Within the records below, find the line with "Kinder Mädchen - Cargohose - beige" and the line with "Square Deal Recordings", then reproduce exactly those two lines and all lines between them, without any picture.

__DATA TO USE__
- - -
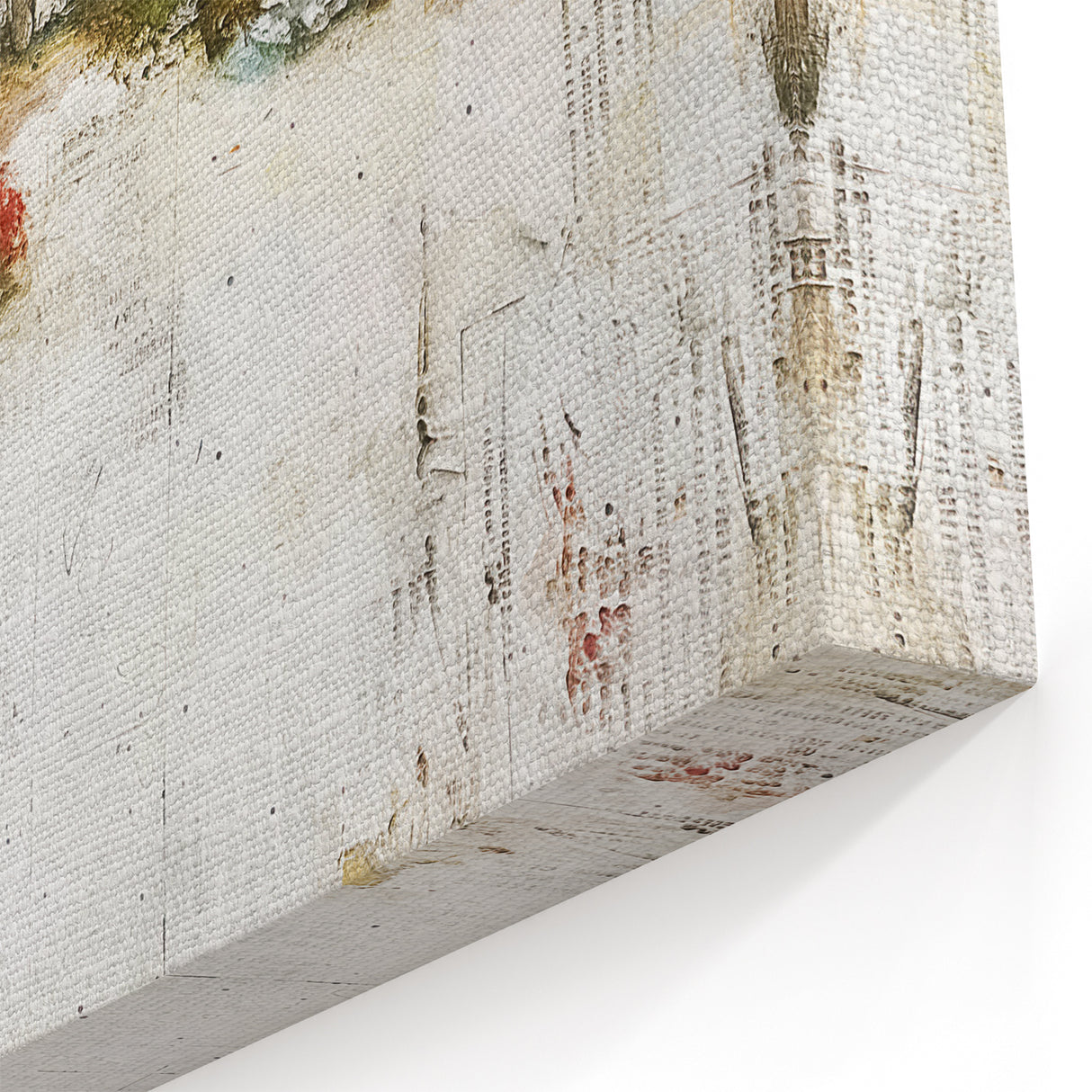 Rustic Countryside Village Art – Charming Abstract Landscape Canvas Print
- - -
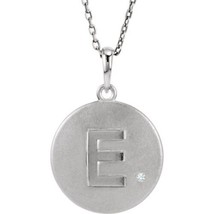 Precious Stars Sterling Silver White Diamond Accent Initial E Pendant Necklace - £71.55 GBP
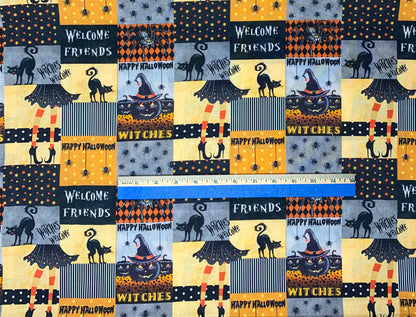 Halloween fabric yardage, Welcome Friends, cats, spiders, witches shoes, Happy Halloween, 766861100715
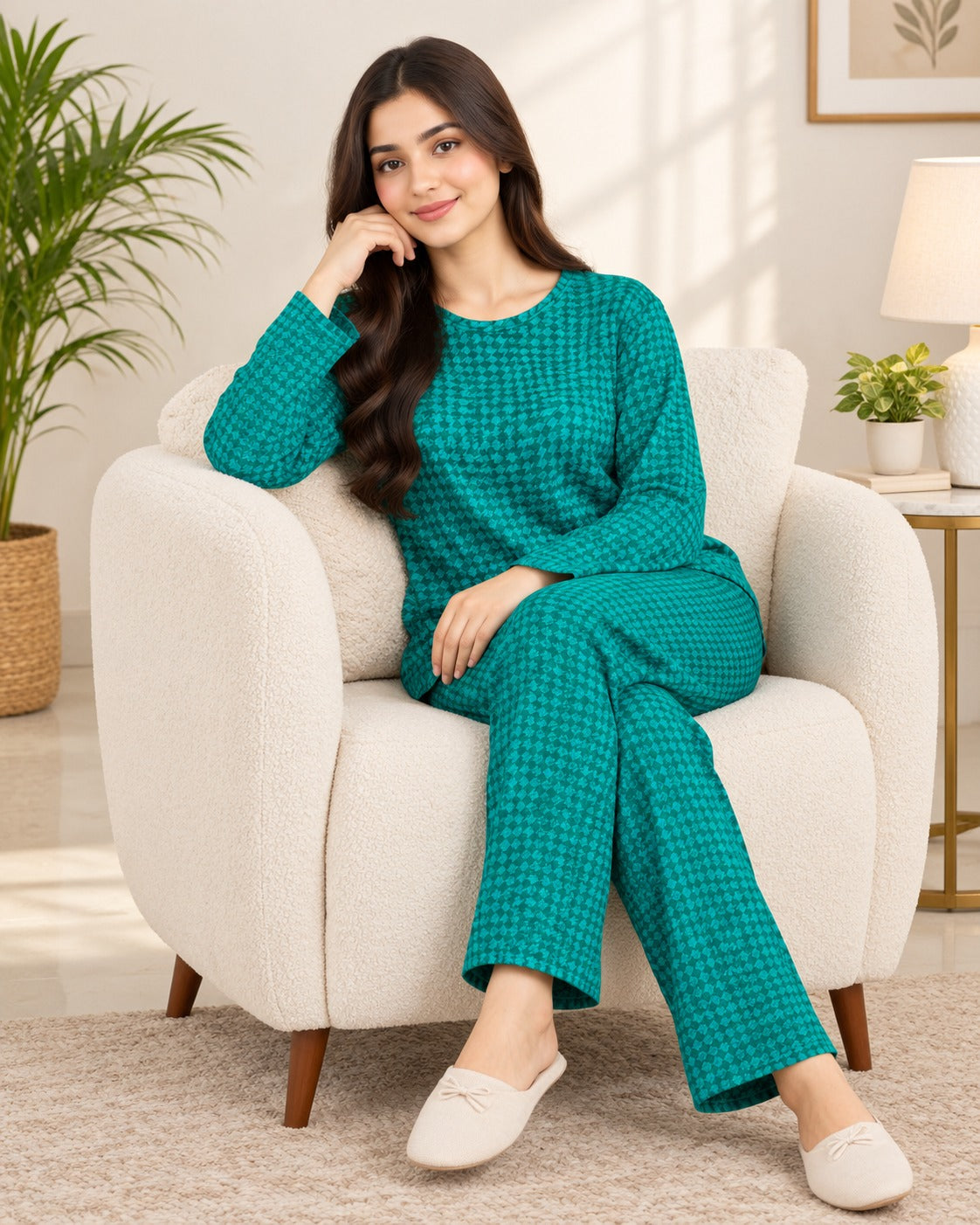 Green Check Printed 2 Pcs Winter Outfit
- - -
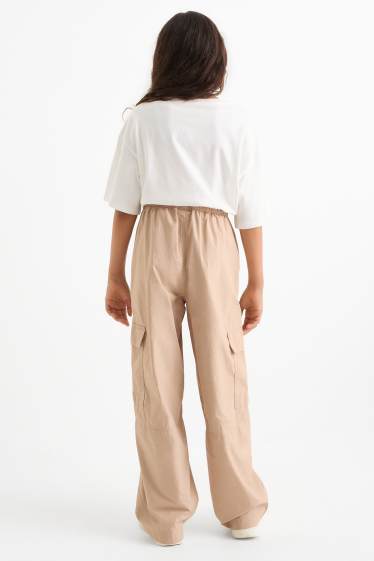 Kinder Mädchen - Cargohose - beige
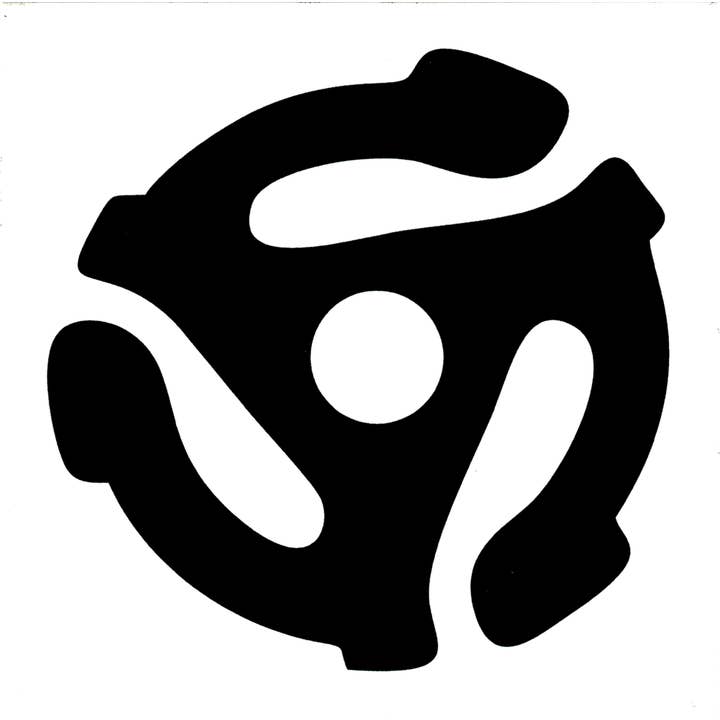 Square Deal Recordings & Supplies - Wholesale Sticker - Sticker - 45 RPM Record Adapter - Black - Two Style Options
- - -
__WORKED SOLUTION__
 Kinder Mädchen - Cargohose - beige
 Square Deal Recordings & Supplies - Wholesale Sticker - Sticker - 45 RPM Record Adapter - Black - Two Style Options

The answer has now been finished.